Le cimetière d’Olšany, document historique
Cap aujourd’hui sur le cimetière d'Olšany, dans le quartier de Žižkov. Avec ses deux millions de pierres tombales, c’est le plus grand cimetière de Prague et une véritable ville dans la ville. Moins fréquenté que son conjoint de Vyšehrad, il n’en abrite pas moins des noms célèbres : Werich et Voskovec, Josef Lada ou encore Jan Palach... Pourtant, c’est au niveau de ses anonymes que le cimetière se révèle comme un document historique.
Au Moyen-Age s’opère une sécularisation de la mort. Les morts ne sont plus enterrés au sein de l’église mais dans un espace délimité. On rejette pour ainsi dire les morts à la périphérie du centre social.

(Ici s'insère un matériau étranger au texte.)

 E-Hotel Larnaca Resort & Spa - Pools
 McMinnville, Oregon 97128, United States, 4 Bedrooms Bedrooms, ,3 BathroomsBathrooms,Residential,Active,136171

Aujourd’hui et ici, à Olšany, c’est la même chose : illustration peut-être extrême du processus de laïcisation de la mort. Sauf que les morts ne sont plus rejetés à la périphérie. Ils sont au centre de l’agitation quotidienne. Des croix imposantes dépassent des murailles du cimetière. Elles rappellent aux vivants la vanité de toute chose !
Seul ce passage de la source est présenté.